Thursday, February 18, 2016

Server Down

Subtitle: Don't Panic

This is a short posting that will appeal to like minded IT professionals or perhaps anybody with a passion and the diabolical consequences of their /baby/ being down.

In the simplest of terms one IT professional to another:

Server Down 

If you are not into IT here are some analogs.

- You are a car person and your favourite car suddenly breaks
- You are a passionate cyclist and your bicycle gets crunched
- You are a runner and suddenly, you develop severe pains preventing all running

Do you get the idea?

Well, the moderate news is that I'm typing this from my restarted and now only partially sick main workstation / server.   She is up and running, well more like walking ....

So what happened?
I was /just/ performing a multiple hardware upgrade that I had of course researched exhaustively and then purchased what I had thought would be all the required components.
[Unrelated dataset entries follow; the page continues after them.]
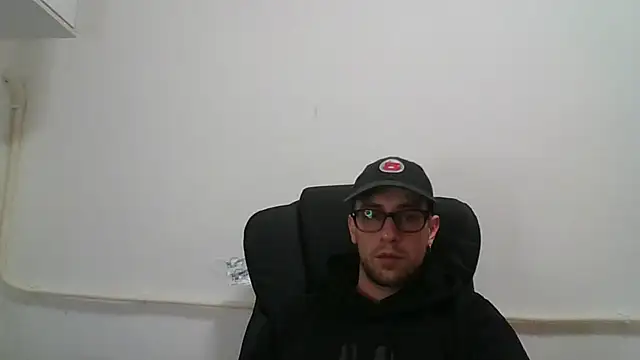Snapshot of mikealcorleone chatting on 12-21-24, 03:03 mikealcorleone online show from 12-21-24, 03:03
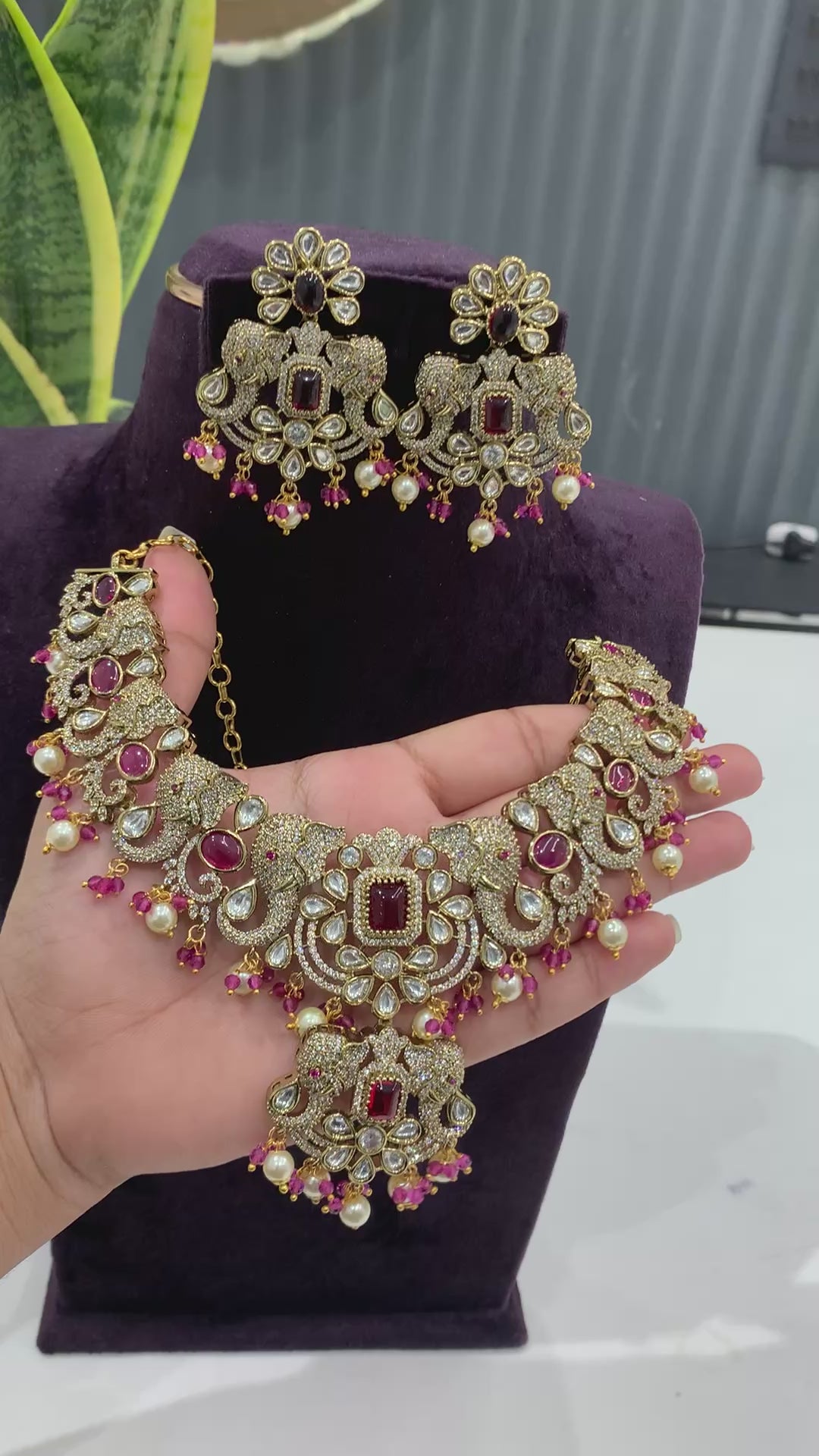 Beautiful Neckset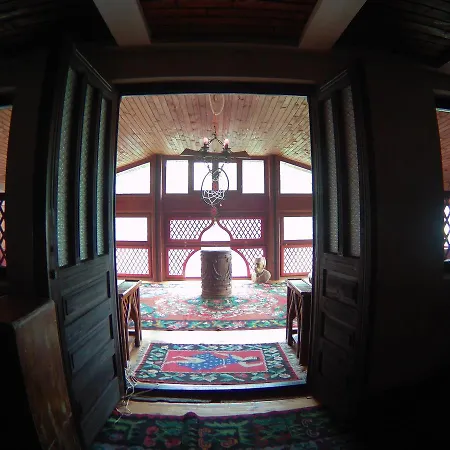 Bed & Breakfast Etno House Moon *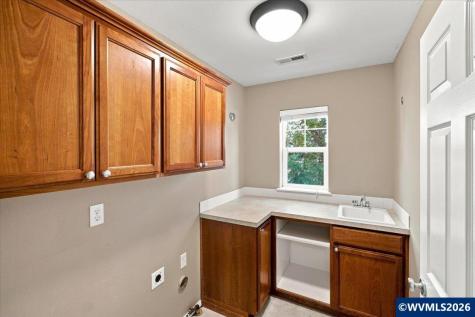 928 Feather Sky Street NW Salem OR 97304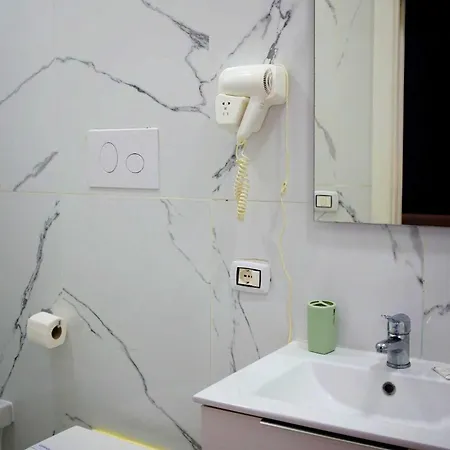 Queen 20 Luxury Duomo נאפולי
But 4 hours later, our main server was still being rewired, and reconfigured, and cleaned and when it tried to start it,  at first did not ....

IT Solidarity

It is now 8 hours later.  Things are stable. Dear IT brothers and sisters .... do you recognise ....

Why ITs Different
IT is different to many other professions because it is now mostly 24x7.  So when you tinker, or upgrade, then users, or your boss, or even yourself do not like to stray out of the agreed change window.

You don't just close the door at 17.00 and come back tomorrow.   You work until you fix it!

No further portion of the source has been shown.